Além disso, “a transferência de dados não pessoais para países terceiros pode gerar um aumento do nível risco em termos de cibersegurança, potenciado pelo atual contexto geopolítico, sobretudo considerando que as salvaguardas do Data Act poderão revelar-se, em concreto, ineficazes”, reflete a advogada da DLA Piper ABBC.

Segundo noticiado pela EURACTIV, a CE está aberta a introduzir um mecanismo para proteger os segredos comerciais. “A Comissão pode estar aberta a considerar essas salvaguardas, tal como proposto pelo Conselho, desde que esse mecanismo continue a ser uma exceção à regra, permaneça em conformidade com a Trade Secrets Directive (incluindo o seu objetivo e princípios subjacentes), os textos legislativos impeçam a sua interpretação ou utilização extensiva e sejam evitados encargos desproporcionados para as PME”, dizem.

+ Impacto na “uniformização digital” em Portugal

 

“O regulamento “trará certamente preocupações de construção de modelos que permitam o esquema de acessos definido pelo Regulamento e que sejam, ao mesmo tempo, ambientes de segurança para os utilizadores e empresas”

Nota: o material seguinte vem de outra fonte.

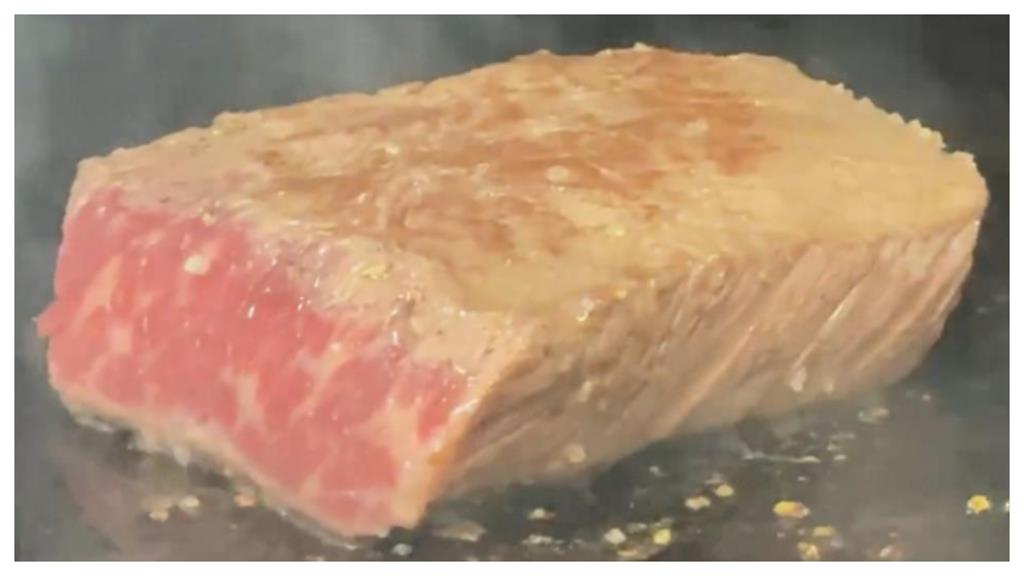 夜市牛排「隱藏版醬汁」暴紅！「神級混搭法」吸200萬共鳴：找到同好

Ricardo Henriques, Abreu Advogados

As empresas que fazem recolha de dados como parte dos seus serviços podem ter de implementar mecanismos específicos necessários para a partilha dos dados. “Por outro lado, as empresas vão poder beneficiar do acesso a um acervo infindável de dados, de elevada qualidade, gerados pelas principais empresas da indústria, com base nos quais, poderão adaptar os seus serviços e produtos, para os tornar cada vez mais eficazes, e personalizados”, reitera Martim Bouza Serrano.

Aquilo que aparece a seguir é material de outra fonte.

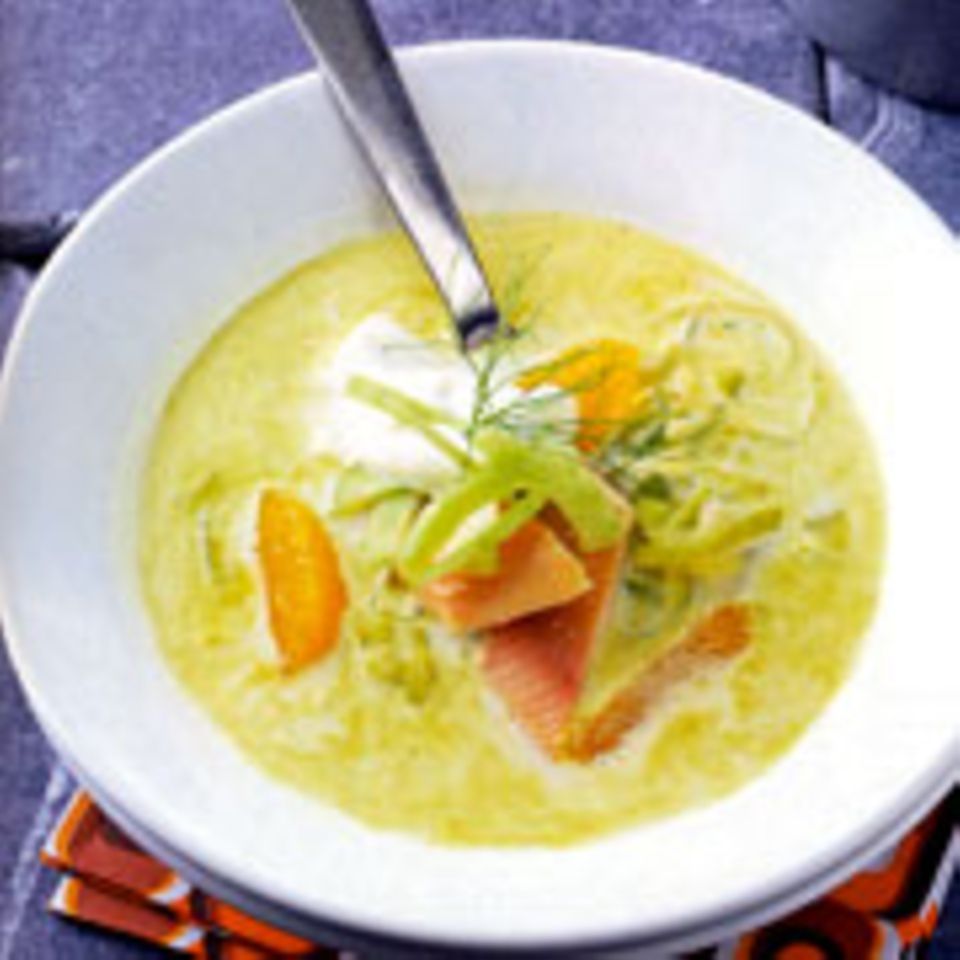 Fenchel-Orangen-Suppe mit Räucherforelle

O impacto da regulamentação em Portugal poderá diferir de outros Estados-membros. Segundo Ricardo Henriques, “uma vez que a realidade em Portugal é bastante dispersa, existindo entidades na vanguarda da digitalização e tecnologia e outras ainda bastante desatualizadas”, o Data Act poderá auxiliar na “uniformização digital” das entidades.

Mais de um ano depois da proposta inicial, o regulamento encontra-se em negociação interinstitucional, que reúne representantes do Parlamento Europeu, do Conselho da UE e da CE – as chamadas trilogue negotiations – estando prevista a conclusão até ao final de junho de 2023, de acordo com Margarida Leitão Nogueira, não se devendo prolongar além das eleições europeias de maio de 2024.

Sendo um regulamento europeu, assim que publicado no Jornal Oficial da UE, a sua aplicação é imediata no ordenamento jurídico nacional, não sendo necessária aprovação por parte dos Estados ou a sua transposição. “Não obstante, necessitará de legislação nacional que permita a sua execução em termos sancionatórios”, esclarece a advogada da DLA Piper ABBC.